The claim that “Israel is essentially a sanctuary for Jews in a hostile world” is equally fanciful—and demonstrably false. Israel is one of the most dangerous places in the world to be Jewish. In fact, Jews are actually safer in Ahmedinejad’s Tehran than in Israeli-occupied Hebron. The ultimate irony is that they are also safer in Berlin than in Israeli-occupied East Jerusalem. A simple truism: military occupation inevitably provokes resistance.

The Jewish population of Palestine (what is now Israel and the occupied territories) at the time of the 1917 Balfour Declaration was a mere seven per cent of the 700,000 inhabitants. During the 1947 UN partition, there were only 650,000 Jews in Palestine compared to 1.3 million indigenous Palestinian Arabs, either Christian or Muslim. Yet under the partition plan, 56 per cent of Palestine was given for a Zionist state to people who constituted 33 per cent of the population and owned about six per cent of the land.

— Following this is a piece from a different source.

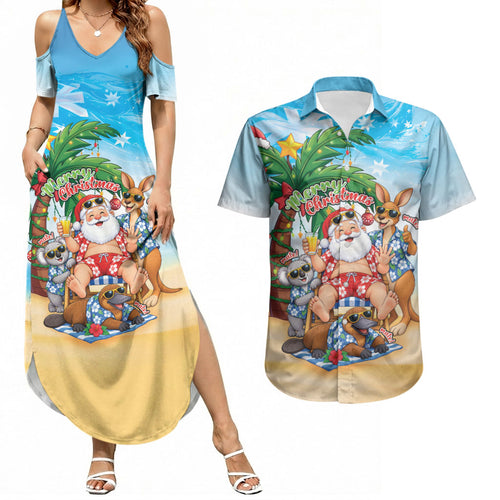 Aussie Christmas Couples Matching Summer Maxi Dress and Hawaiian Shirt Santa Summer Vibes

This forceful transformation of a predominantly Arab Palestine into a Jewish state sparked the conflict that still rages today. The continuing expansion of illegal settlements kills any prospect of a two-state solution and ensures unending hatred and bloodshed. But what do the Mersons of this world care? It is not they who will move to Israel and live with the consequences. Like all arm-chair Rambos, they are only brave with other people’s blood. And like all arm-chair Zionists, they are willing to defend Israel—to the last Israeli.